**WHAT YOU SHOULD DO**
Print exactly and only the lines that run from the one containing "Коллекционная фигурка LK" through the end of the material, please, omitting pictures.

= = =

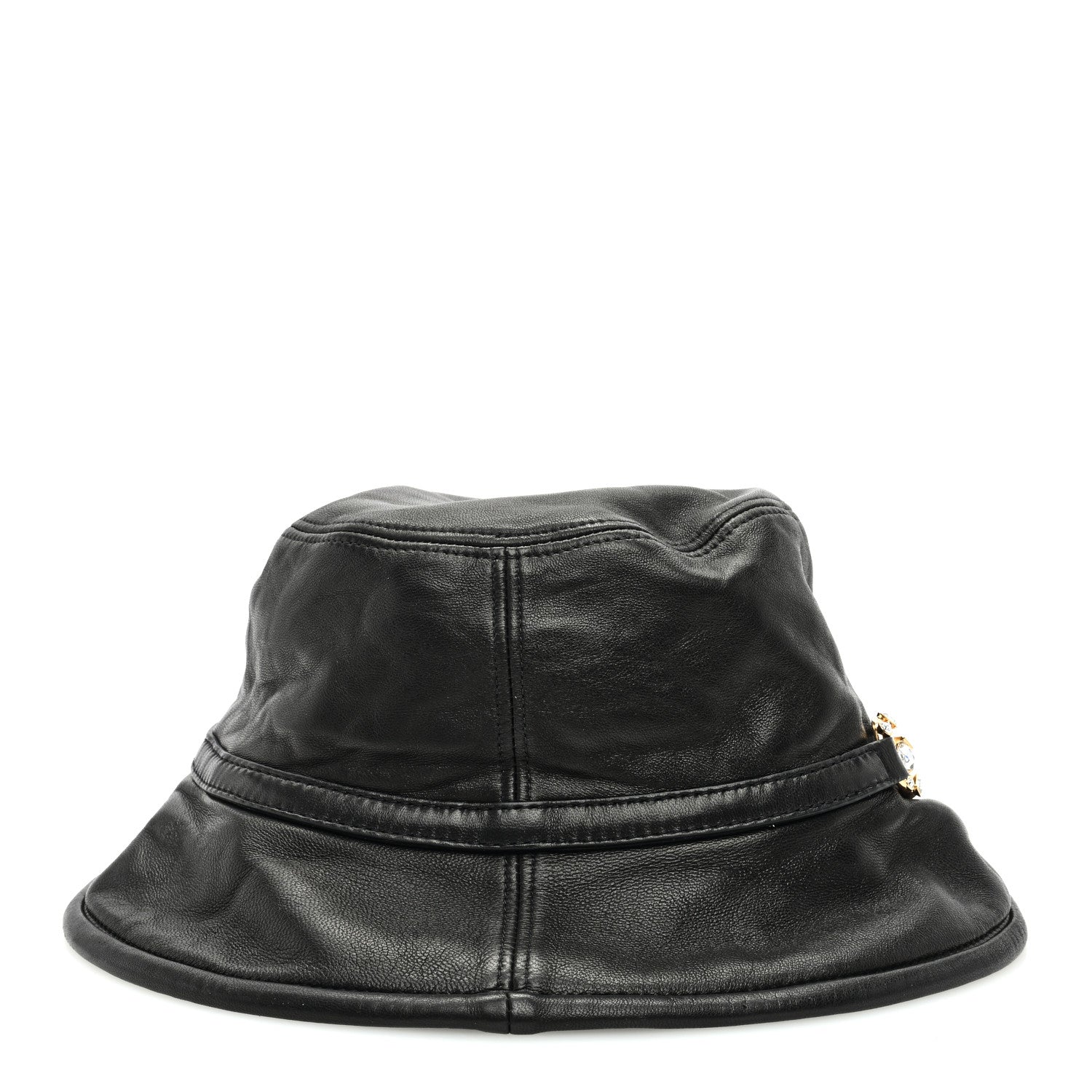Gucci Crystal Horsebit Bob Mulina Bucket Hat S Black 6 of 8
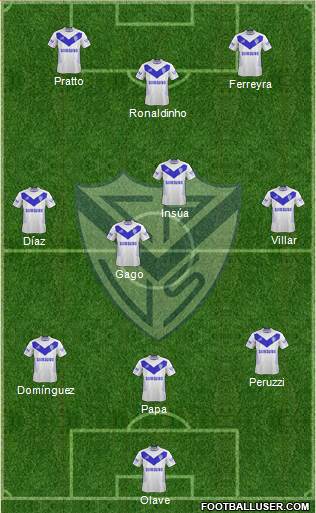 Vélez Sarsfield Formation 2013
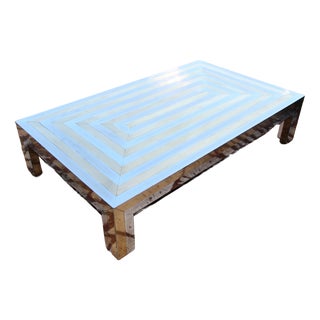 Large Coffee Table by Maison Jansen, 1970s For Sale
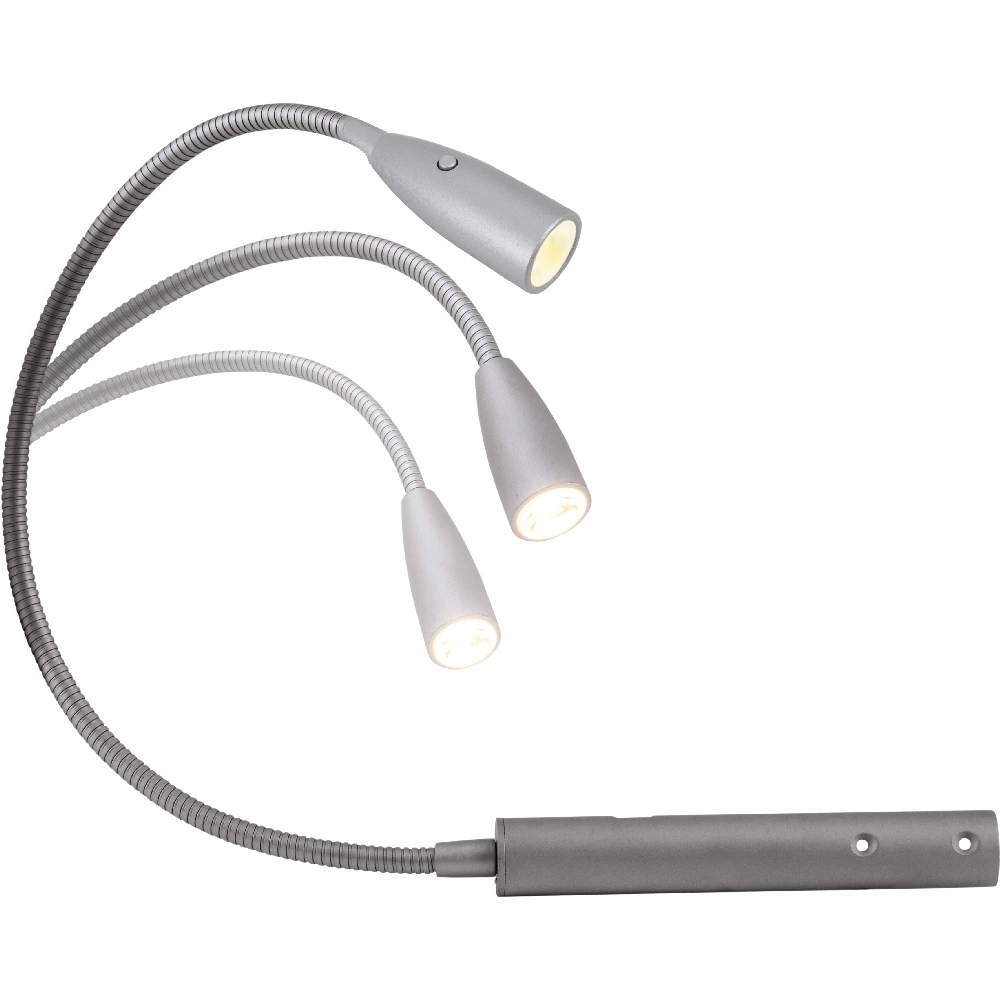 Heitronic Moderne LED Leseleuchte mit Flexarm und Ein-/Ausschalter im Leuchtenkopf warmweiss 3 Heitronic Moderne LED Leseleuchte mit Flexarm und Ein-/Ausschalter im Leuchtenkopf warmweiss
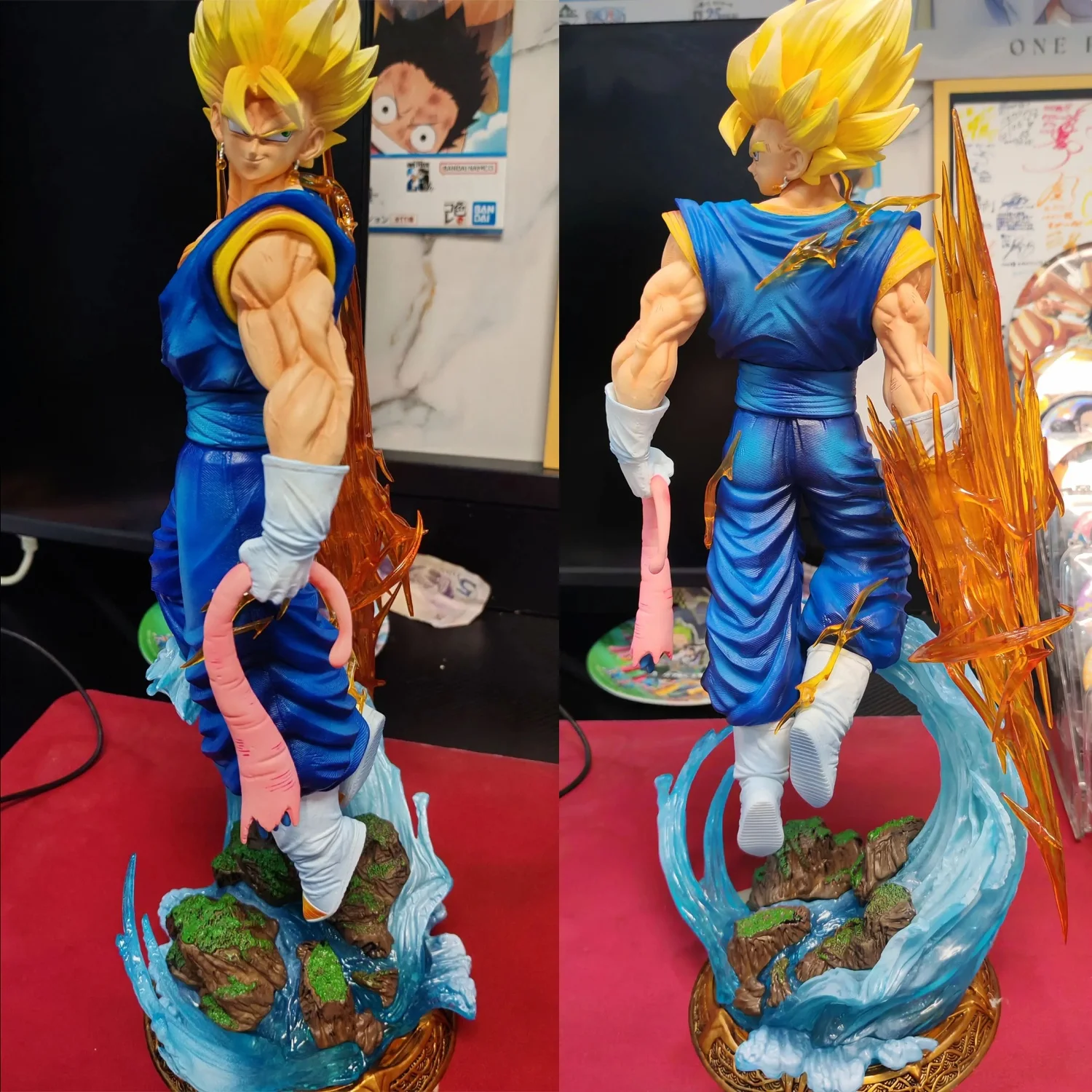 LK Studio Dragon Ball Z 38 см Vegito Primary Color 2.0 Аниме Статуя - 3 скульптуры на голове Обновленная версия, Коллекционная фигурка LK Studio Dragon Ball Z 38 см Vegito Primary Color 2.0 Аниме Статуя - 3 скульптуры на голове Обновленная версия, Коллекционная фигурка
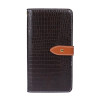 Чехол-книжка idewei Crocodile Texture на Samsung Galaxy A21s - темно-коричневый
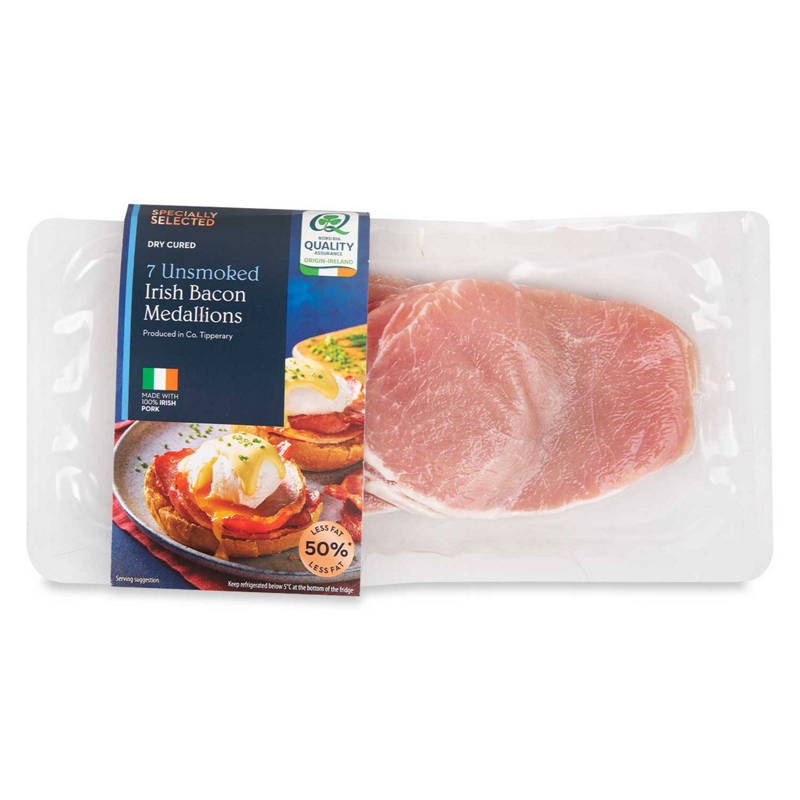 SPECIALLY SELECTED Unsmoked Irish Bacon Medallions 7 Pack 200 g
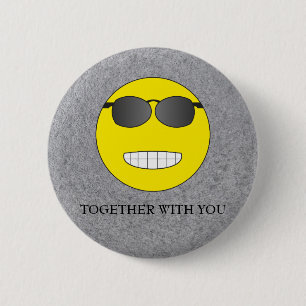 Together with you 6 cm round badge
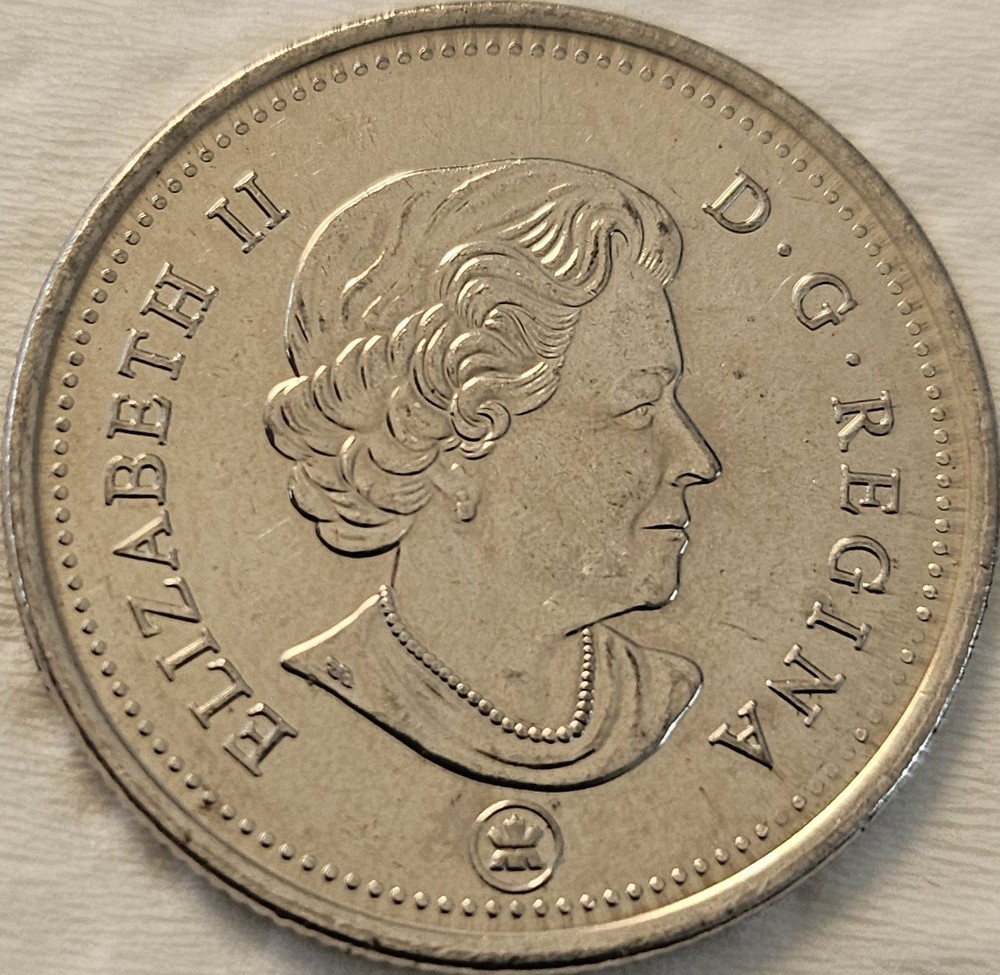 Canada 25 Cents 2020 UNC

= = =

**SOLUTION**
 LK Studio Dragon Ball Z 38 см Vegito Primary Color 2.0 Аниме Статуя - 3 скульптуры на голове Обновленная версия, Коллекционная фигурка LK Studio Dragon Ball Z 38 см Vegito Primary Color 2.0 Аниме Статуя - 3 скульптуры на голове Обновленная версия, Коллекционная фигурка
 Чехол-книжка idewei Crocodile Texture на Samsung Galaxy A21s - темно-коричневый
 SPECIALLY SELECTED Unsmoked Irish Bacon Medallions 7 Pack 200 g
 Together with you 6 cm round badge
 Canada 25 Cents 2020 UNC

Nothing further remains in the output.